Local family finds canning to not be so ‘scary’
When Terri Longing’s father-in-law, Mike, gave them fresh plums from his orchard, she didn’t know what she was going to do with them.
“I had several big bowls of plums, and there was no way we were going to eat them all,” Terri recalled. “So (my husband) Jeff suggested that I make plum jelly out of them.”
Terri admits the idea of canning was a little scary to her.
“I remember canning being this long drawn out process with a big pot,” Terri said. “I just found it a little intimidating so I’d never tried it.”
At Jeff’s request, Terri said she decided she would give it a try.
“We went to Atwoods and got all the stuff to do it with,” she said. “I think the pot cost like $25 so it’s very affordable, and the jars weren’t really that expensive either.”
Terri said she followed the instructions that came with her cooker during her first attempt/.
“I basically just followed these instructions,” she said. “They have how to do it, step by step instructions in there.”
Terri said what she didn’t learn from her instructions, she quickly picked up from her friend, Google.
“I did a little research on the Internet too,” she said.
Terri found her first batch of jelly to be time consuming because she opted not to use pectin in it.
“I didn’t use the pectin the first time so I had to go through several rounds of boiling and cooling to get it right,” she said. “It took me all day to do it.”
After experiencing the long, drawn out process of making jelly without pectin, Terri decided to go with using pectin, which is an agent that makes the ingredients gel to a jelly-like consistency.
“Once I started using the pectin, each batch only took about 15 minutes,” she said. “The directions said 10 but I left mine in there for 15 just to be sure the jars were sealed good.”
Terri said every jar sealed perfectly and there were no problems with her jelly.
Still, she explained, the jars without the pectin did have the same consistency as the jars with the pectin it just took it longer to get there.
Terri also got fresh blueberries from her father-in-law’s orchard.

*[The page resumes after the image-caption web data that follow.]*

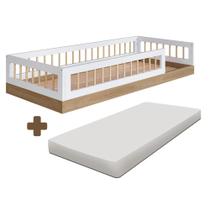 Cama Montessoriana Infantil Solteiro Com Grade De Proteção 84 x 195 cm Com Colchão Aveiro Oak Branco Suki Shop - Shop Jm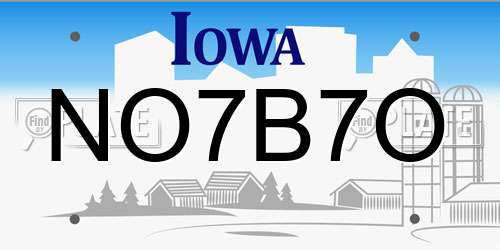 NO7B7O Iowa License Plate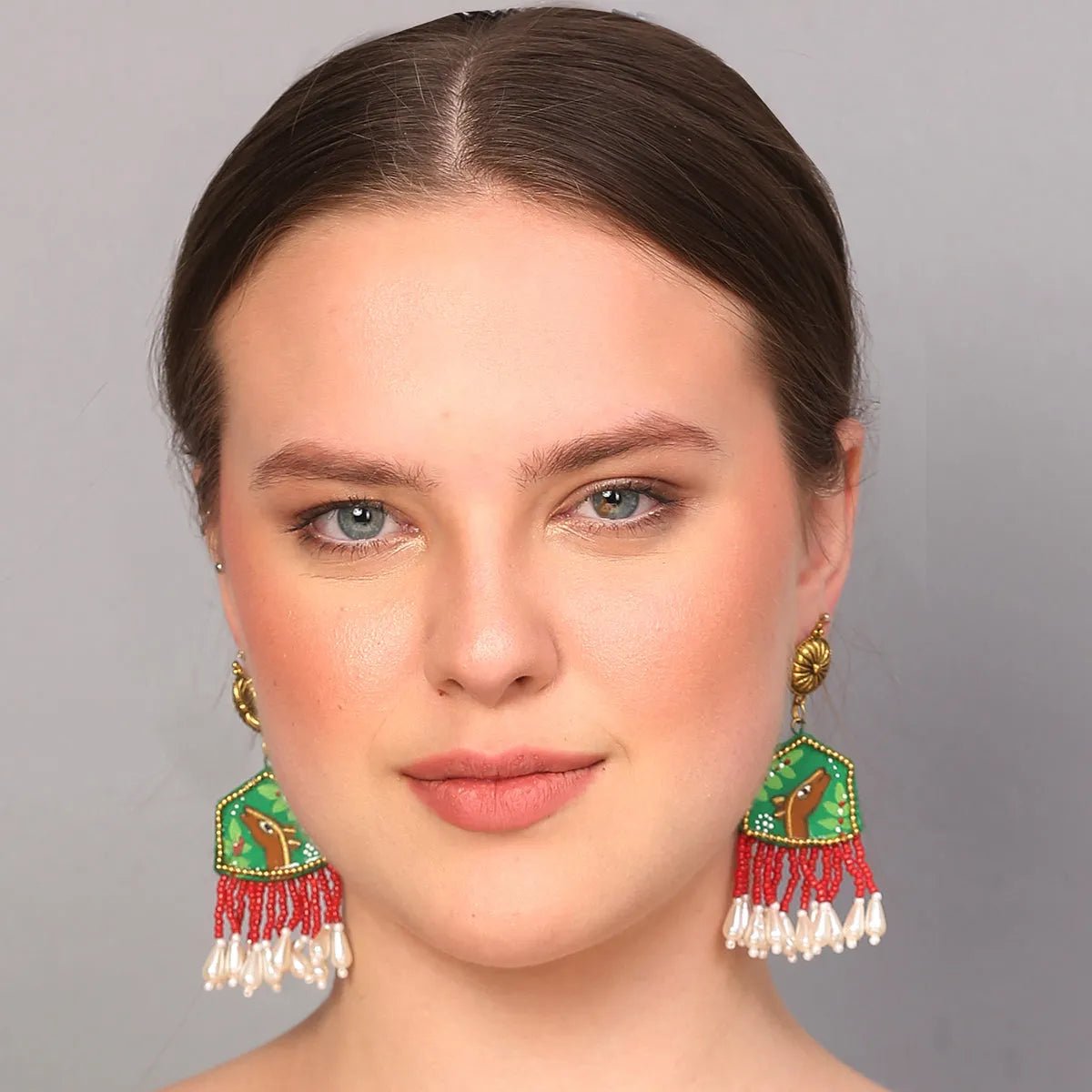 Mithila Traditional Green Handmade Drop (Earrings) HP - ER - KHOJ.CITY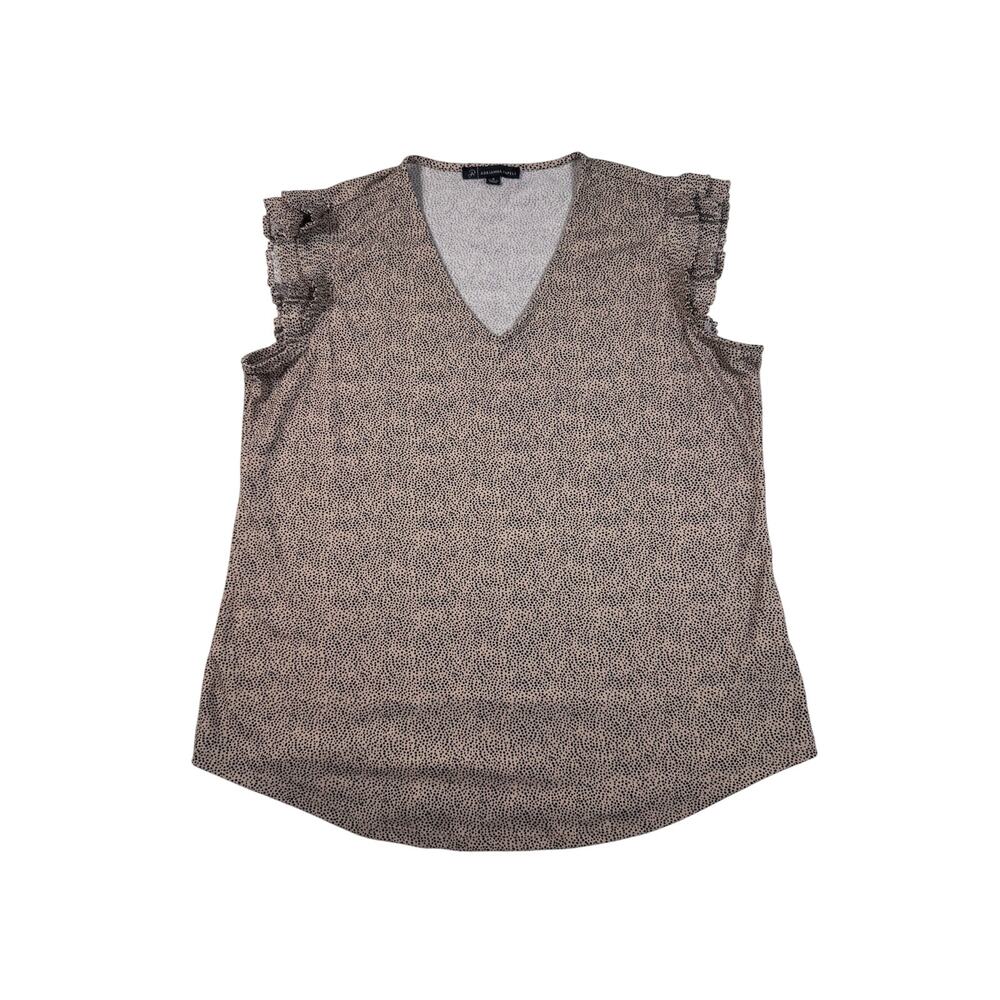 Adrianna Papell Women’s Printed V Neck Flutter Sleeve Blouse Top Taupe Black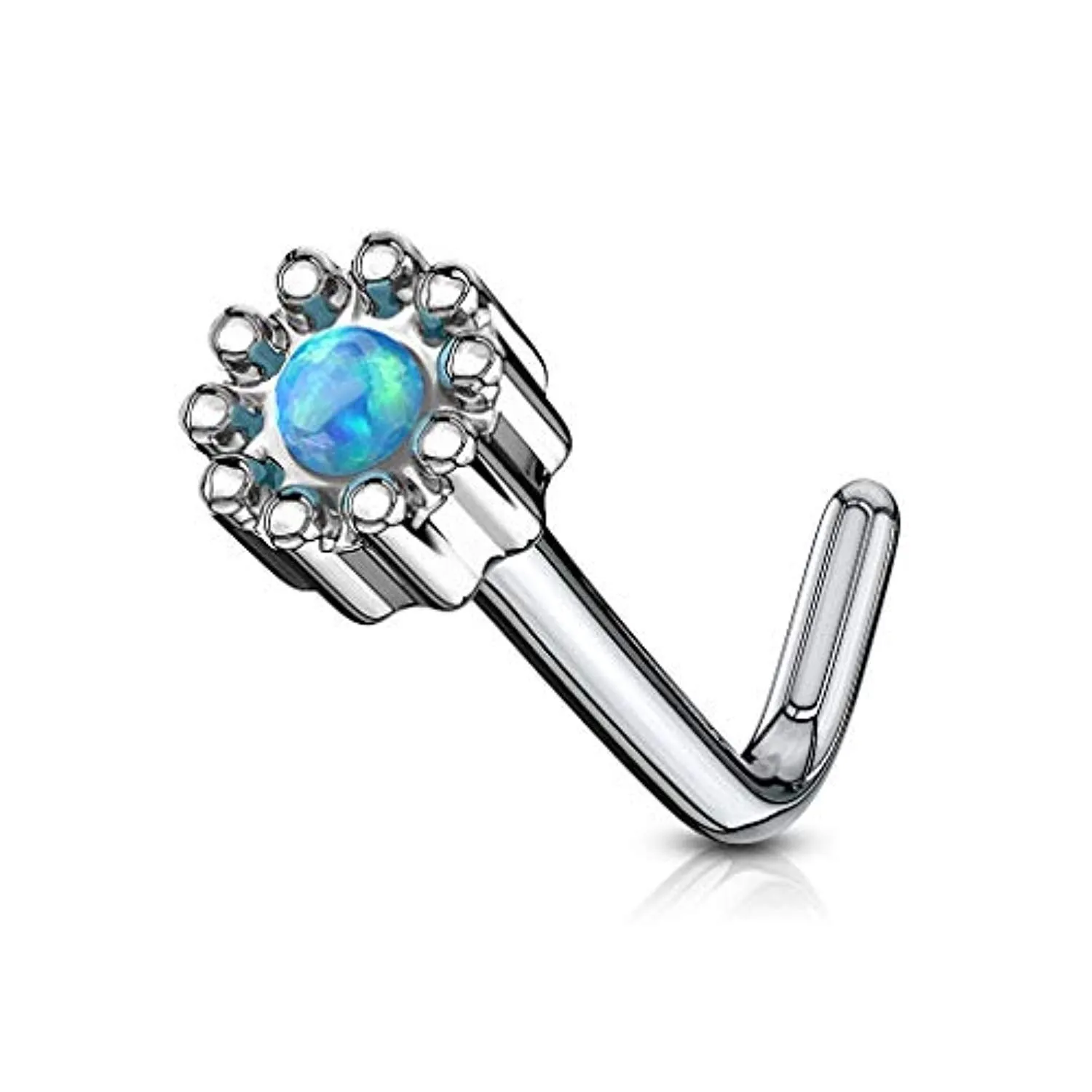 WildKlass Opal Centered Round Top 316L Surgical Steel L Bend Nose Stud Rings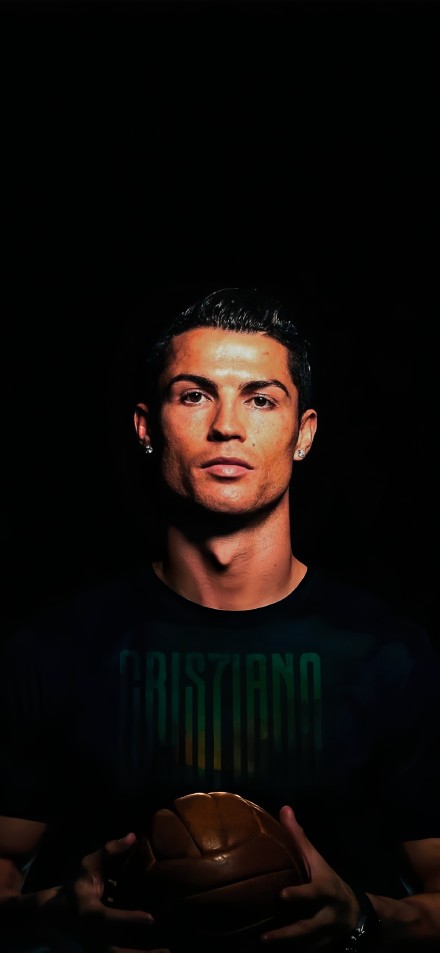 Cristiano Ronaldo famous Portuguese football player black background
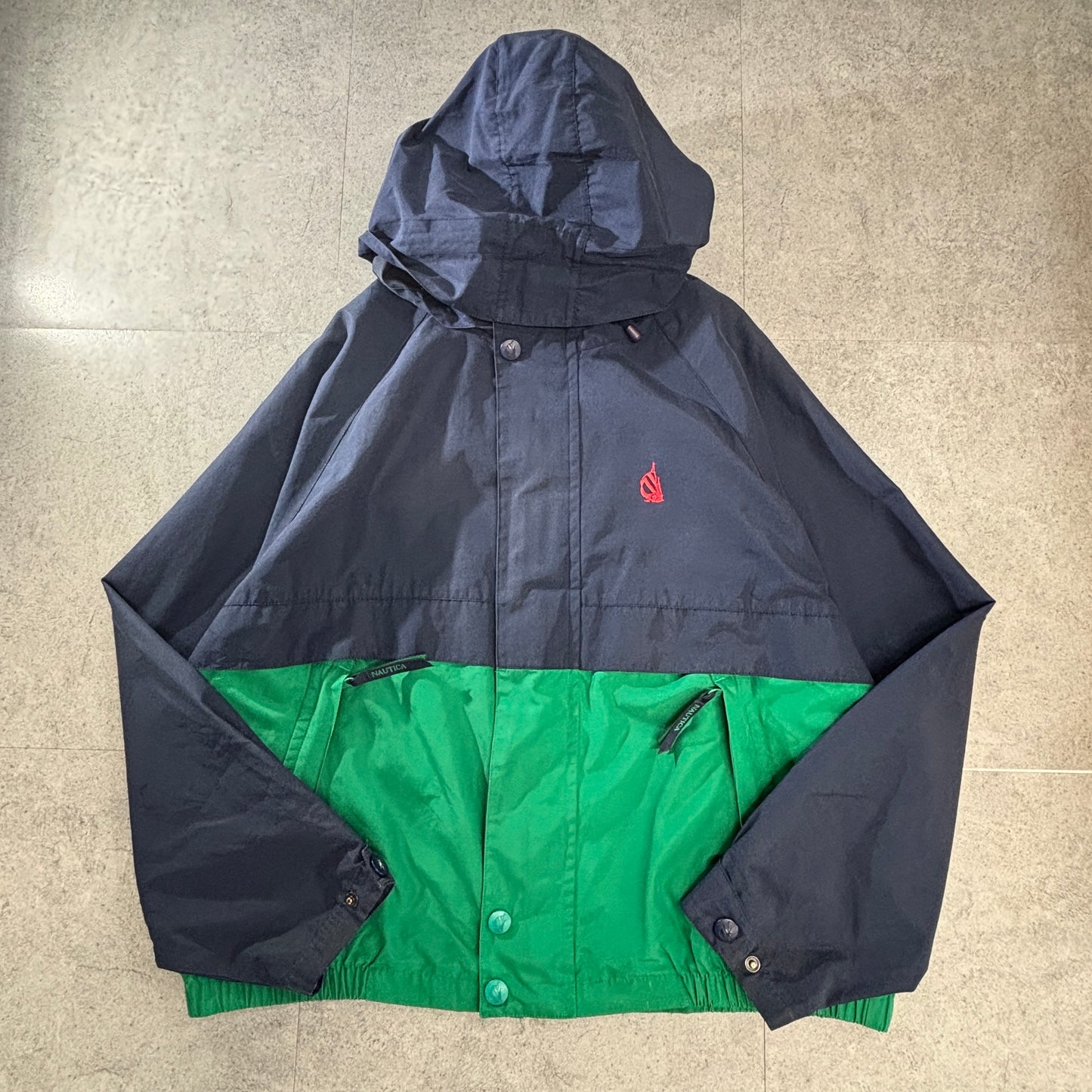 NAUTICA 90s ツートーン パッカブルフード セーリングジャケット L 紺×グリーン コットン×マイクロポリ 台湾製 Jクラスロゴ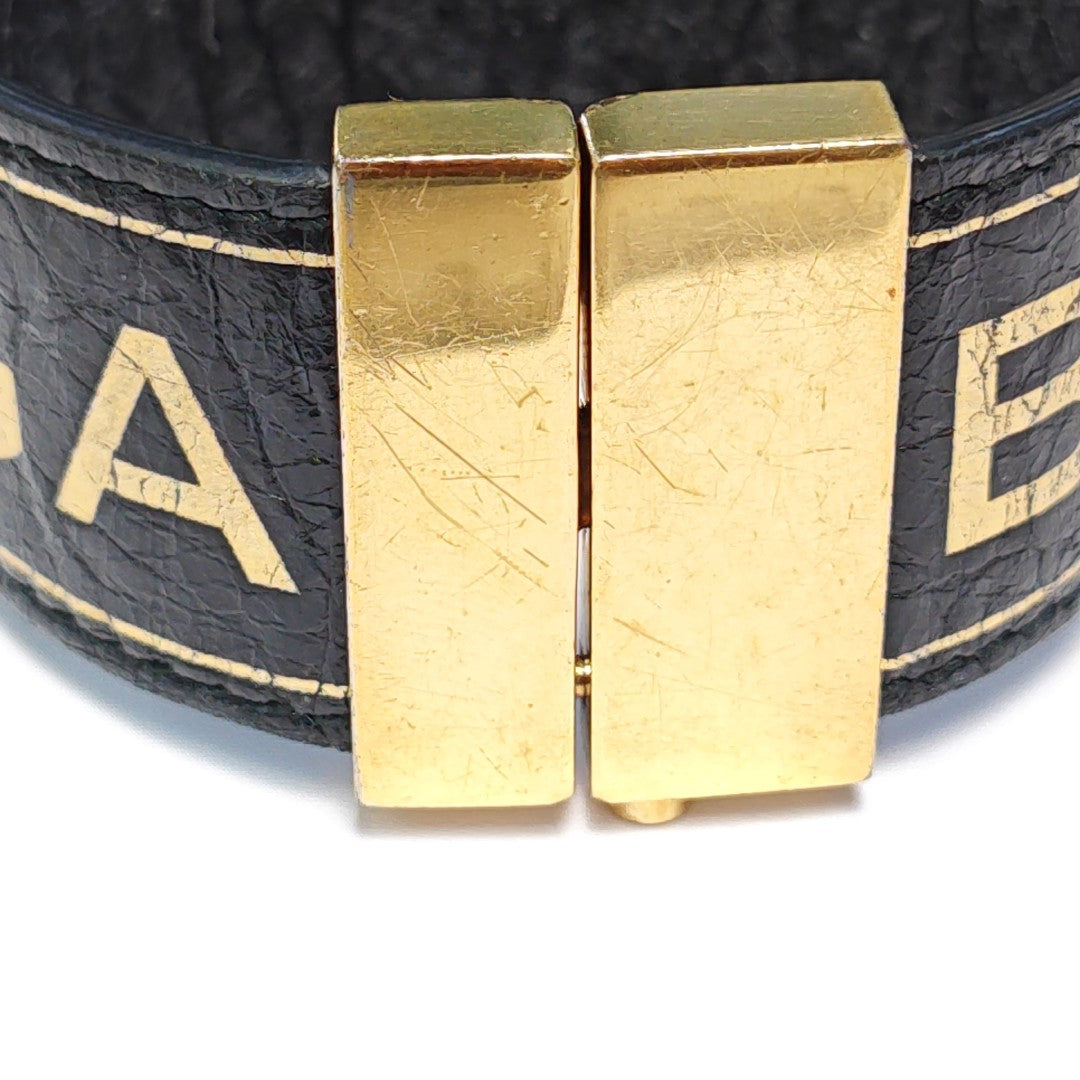 Leather Black Bangle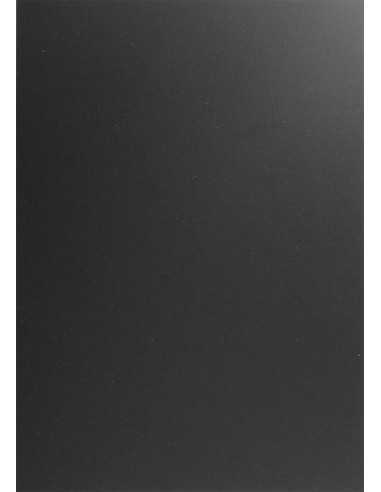 Papier ozdobny gładki kolorowy Plike 330g Black czarny pak. 10A4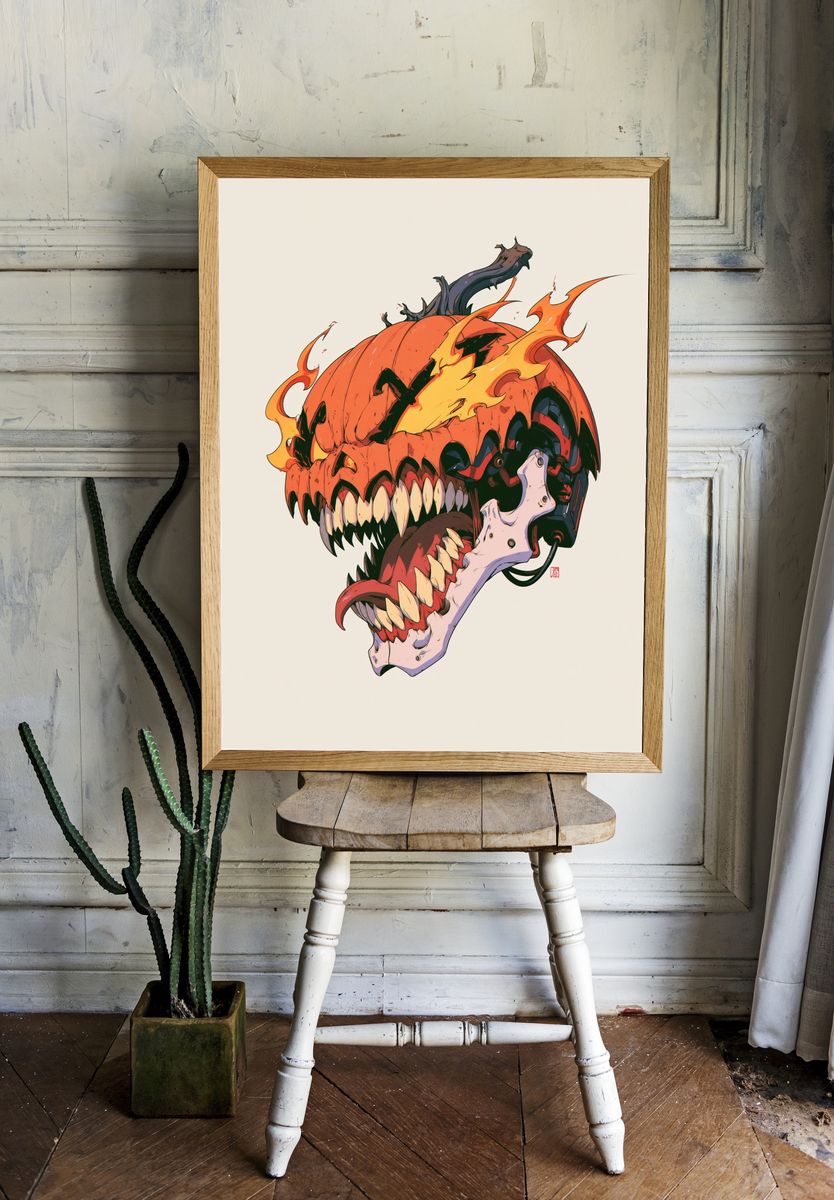 Chainsaw Pumpkin Horror Print. room preview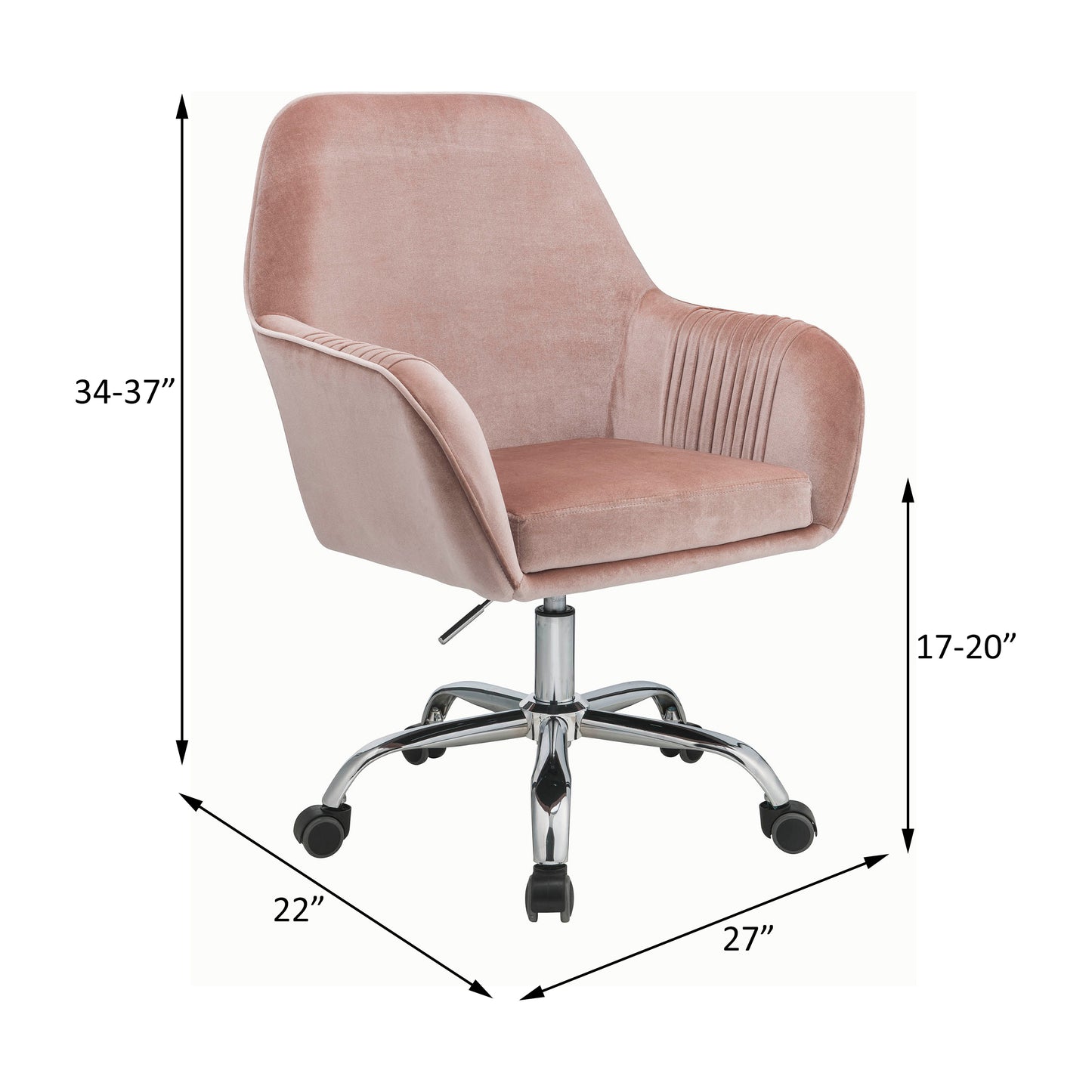 Eimer Office Chair in Peach Velvet & Chrome 92504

She decided to freeze them, but she learned there’s a trick to freezing blueberries as well.
“I put a picture of my blueberries on Facebook, and (a friend) commented and told me not to wash them before I froze them, “ she explained. “Apparently, if you wash them before you freeze them, they get soggy.”
The Longings also have a garden at their home. Once the tomatoes are ripe, Terri plans to blanch, cut and freeze them as well.
“It’s amazing how much money you can save by canning and freezing your own fruit and vegetables,” she said.
While she isn’t committing to canning everything she has in abundance, Terri said this experience has made her see that canning isn’t quite as intimidating as she once thought it was.